_Data records_.
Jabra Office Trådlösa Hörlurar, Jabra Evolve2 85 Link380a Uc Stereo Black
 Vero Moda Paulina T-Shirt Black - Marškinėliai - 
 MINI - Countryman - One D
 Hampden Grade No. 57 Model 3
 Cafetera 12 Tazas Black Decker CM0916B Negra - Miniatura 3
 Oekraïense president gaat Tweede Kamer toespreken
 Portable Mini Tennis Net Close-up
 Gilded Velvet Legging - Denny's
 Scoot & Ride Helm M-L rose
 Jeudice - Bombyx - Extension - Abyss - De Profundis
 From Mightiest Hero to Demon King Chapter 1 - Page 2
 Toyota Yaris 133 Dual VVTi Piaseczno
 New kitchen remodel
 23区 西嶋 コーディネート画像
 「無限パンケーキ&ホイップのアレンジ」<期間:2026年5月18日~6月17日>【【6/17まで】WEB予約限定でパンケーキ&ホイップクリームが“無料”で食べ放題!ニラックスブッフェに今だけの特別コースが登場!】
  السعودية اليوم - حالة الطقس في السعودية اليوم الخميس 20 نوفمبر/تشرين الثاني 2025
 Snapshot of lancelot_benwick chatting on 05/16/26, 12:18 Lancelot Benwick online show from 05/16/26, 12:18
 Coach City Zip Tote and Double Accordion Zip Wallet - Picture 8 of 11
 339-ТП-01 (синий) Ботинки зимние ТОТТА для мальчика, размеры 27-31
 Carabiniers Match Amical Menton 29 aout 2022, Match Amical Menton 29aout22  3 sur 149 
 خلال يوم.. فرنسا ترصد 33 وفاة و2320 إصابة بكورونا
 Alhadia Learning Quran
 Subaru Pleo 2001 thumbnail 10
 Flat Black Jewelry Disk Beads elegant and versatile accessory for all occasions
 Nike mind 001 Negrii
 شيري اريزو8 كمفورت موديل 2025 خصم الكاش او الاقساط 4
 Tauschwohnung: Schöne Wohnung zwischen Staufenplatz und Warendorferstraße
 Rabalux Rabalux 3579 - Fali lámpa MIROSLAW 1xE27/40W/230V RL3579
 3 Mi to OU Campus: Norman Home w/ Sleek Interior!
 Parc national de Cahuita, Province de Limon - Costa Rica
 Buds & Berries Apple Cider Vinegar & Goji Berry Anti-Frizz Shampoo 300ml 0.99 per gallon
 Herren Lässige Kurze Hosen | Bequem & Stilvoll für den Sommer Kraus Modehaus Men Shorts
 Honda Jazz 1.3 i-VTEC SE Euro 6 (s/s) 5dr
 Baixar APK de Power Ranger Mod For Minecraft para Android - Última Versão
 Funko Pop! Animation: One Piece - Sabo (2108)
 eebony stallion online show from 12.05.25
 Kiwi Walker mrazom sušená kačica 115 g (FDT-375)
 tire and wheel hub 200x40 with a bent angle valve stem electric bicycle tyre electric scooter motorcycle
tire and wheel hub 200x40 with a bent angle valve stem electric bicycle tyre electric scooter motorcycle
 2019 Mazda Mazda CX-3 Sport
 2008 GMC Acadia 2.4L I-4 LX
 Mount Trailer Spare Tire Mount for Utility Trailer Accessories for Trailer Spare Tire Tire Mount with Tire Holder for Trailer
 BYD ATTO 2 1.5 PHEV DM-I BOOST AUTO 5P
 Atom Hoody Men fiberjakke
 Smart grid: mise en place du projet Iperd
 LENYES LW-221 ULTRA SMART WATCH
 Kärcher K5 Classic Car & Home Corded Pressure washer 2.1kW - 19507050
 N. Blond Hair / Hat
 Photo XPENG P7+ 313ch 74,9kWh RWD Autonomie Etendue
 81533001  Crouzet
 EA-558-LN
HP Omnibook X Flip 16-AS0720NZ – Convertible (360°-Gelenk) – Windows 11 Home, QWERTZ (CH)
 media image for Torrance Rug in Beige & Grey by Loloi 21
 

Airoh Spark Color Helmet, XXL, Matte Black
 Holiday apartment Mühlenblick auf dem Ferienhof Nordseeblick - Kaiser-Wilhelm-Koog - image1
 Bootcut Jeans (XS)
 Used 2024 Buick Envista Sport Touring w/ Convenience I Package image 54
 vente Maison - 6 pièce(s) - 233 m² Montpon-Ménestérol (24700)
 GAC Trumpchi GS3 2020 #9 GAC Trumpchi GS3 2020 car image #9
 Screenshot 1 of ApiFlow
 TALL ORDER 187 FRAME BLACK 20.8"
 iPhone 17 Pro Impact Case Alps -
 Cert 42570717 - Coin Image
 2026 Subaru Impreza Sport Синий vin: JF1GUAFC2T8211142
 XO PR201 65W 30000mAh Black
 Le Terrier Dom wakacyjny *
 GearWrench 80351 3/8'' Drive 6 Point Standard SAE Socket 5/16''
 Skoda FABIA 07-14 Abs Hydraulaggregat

_Exercise brief_. Every line of the listing needs to be written out exactly.

_Exercise response_.
Jabra Office Trådlösa Hörlurar, Jabra Evolve2 85 Link380a Uc Stereo Black
 Vero Moda Paulina T-Shirt Black - Marškinėliai - 
 MINI - Countryman - One D
 Hampden Grade No. 57 Model 3
 Cafetera 12 Tazas Black Decker CM0916B Negra - Miniatura 3
 Oekraïense president gaat Tweede Kamer toespreken
 Portable Mini Tennis Net Close-up
 Gilded Velvet Legging - Denny's
 Scoot & Ride Helm M-L rose
 Jeudice - Bombyx - Extension - Abyss - De Profundis
 From Mightiest Hero to Demon King Chapter 1 - Page 2
 Toyota Yaris 133 Dual VVTi Piaseczno
 New kitchen remodel
 23区 西嶋 コーディネート画像
 「無限パンケーキ&ホイップのアレンジ」<期間:2026年5月18日~6月17日>【【6/17まで】WEB予約限定でパンケーキ&ホイップクリームが“無料”で食べ放題!ニラックスブッフェに今だけの特別コースが登場!】
  السعودية اليوم - حالة الطقس في السعودية اليوم الخميس 20 نوفمبر/تشرين الثاني 2025
 Snapshot of lancelot_benwick chatting on 05/16/26, 12:18 Lancelot Benwick online show from 05/16/26, 12:18
 Coach City Zip Tote and Double Accordion Zip Wallet - Picture 8 of 11
 339-ТП-01 (синий) Ботинки зимние ТОТТА для мальчика, размеры 27-31
 Carabiniers Match Amical Menton 29 aout 2022, Match Amical Menton 29aout22  3 sur 149 
 خلال يوم.. فرنسا ترصد 33 وفاة و2320 إصابة بكورونا
 Alhadia Learning Quran
 Subaru Pleo 2001 thumbnail 10
 Flat Black Jewelry Disk Beads elegant and versatile accessory for all occasions
 Nike mind 001 Negrii
 شيري اريزو8 كمفورت موديل 2025 خصم الكاش او الاقساط 4
 Tauschwohnung: Schöne Wohnung zwischen Staufenplatz und Warendorferstraße
 Rabalux Rabalux 3579 - Fali lámpa MIROSLAW 1xE27/40W/230V RL3579
 3 Mi to OU Campus: Norman Home w/ Sleek Interior!
 Parc national de Cahuita, Province de Limon - Costa Rica
 Buds & Berries Apple Cider Vinegar & Goji Berry Anti-Frizz Shampoo 300ml 0.99 per gallon
 Herren Lässige Kurze Hosen | Bequem & Stilvoll für den Sommer Kraus Modehaus Men Shorts
 Honda Jazz 1.3 i-VTEC SE Euro 6 (s/s) 5dr
 Baixar APK de Power Ranger Mod For Minecraft para Android - Última Versão
 Funko Pop! Animation: One Piece - Sabo (2108)
 eebony stallion online show from 12.05.25
 Kiwi Walker mrazom sušená kačica 115 g (FDT-375)
 tire and wheel hub 200x40 with a bent angle valve stem electric bicycle tyre electric scooter motorcycle
tire and wheel hub 200x40 with a bent angle valve stem electric bicycle tyre electric scooter motorcycle
 2019 Mazda Mazda CX-3 Sport
 2008 GMC Acadia 2.4L I-4 LX
 Mount Trailer Spare Tire Mount for Utility Trailer Accessories for Trailer Spare Tire Tire Mount with Tire Holder for Trailer
 BYD ATTO 2 1.5 PHEV DM-I BOOST AUTO 5P
 Atom Hoody Men fiberjakke
 Smart grid: mise en place du projet Iperd
 LENYES LW-221 ULTRA SMART WATCH
 Kärcher K5 Classic Car & Home Corded Pressure washer 2.1kW - 19507050
 N. Blond Hair / Hat
 Photo XPENG P7+ 313ch 74,9kWh RWD Autonomie Etendue
 81533001  Crouzet
 EA-558-LN
HP Omnibook X Flip 16-AS0720NZ – Convertible (360°-Gelenk) – Windows 11 Home, QWERTZ (CH)
 media image for Torrance Rug in Beige & Grey by Loloi 21
 

Airoh Spark Color Helmet, XXL, Matte Black
 Holiday apartment Mühlenblick auf dem Ferienhof Nordseeblick - Kaiser-Wilhelm-Koog - image1
 Bootcut Jeans (XS)
 Used 2024 Buick Envista Sport Touring w/ Convenience I Package image 54
 vente Maison - 6 pièce(s) - 233 m² Montpon-Ménestérol (24700)
 GAC Trumpchi GS3 2020 #9 GAC Trumpchi GS3 2020 car image #9
 Screenshot 1 of ApiFlow
 TALL ORDER 187 FRAME BLACK 20.8"
 iPhone 17 Pro Impact Case Alps -
 Cert 42570717 - Coin Image
 2026 Subaru Impreza Sport Синий vin: JF1GUAFC2T8211142
 XO PR201 65W 30000mAh Black
 Le Terrier Dom wakacyjny *
 GearWrench 80351 3/8'' Drive 6 Point Standard SAE Socket 5/16''
 Skoda FABIA 07-14 Abs Hydraulaggregat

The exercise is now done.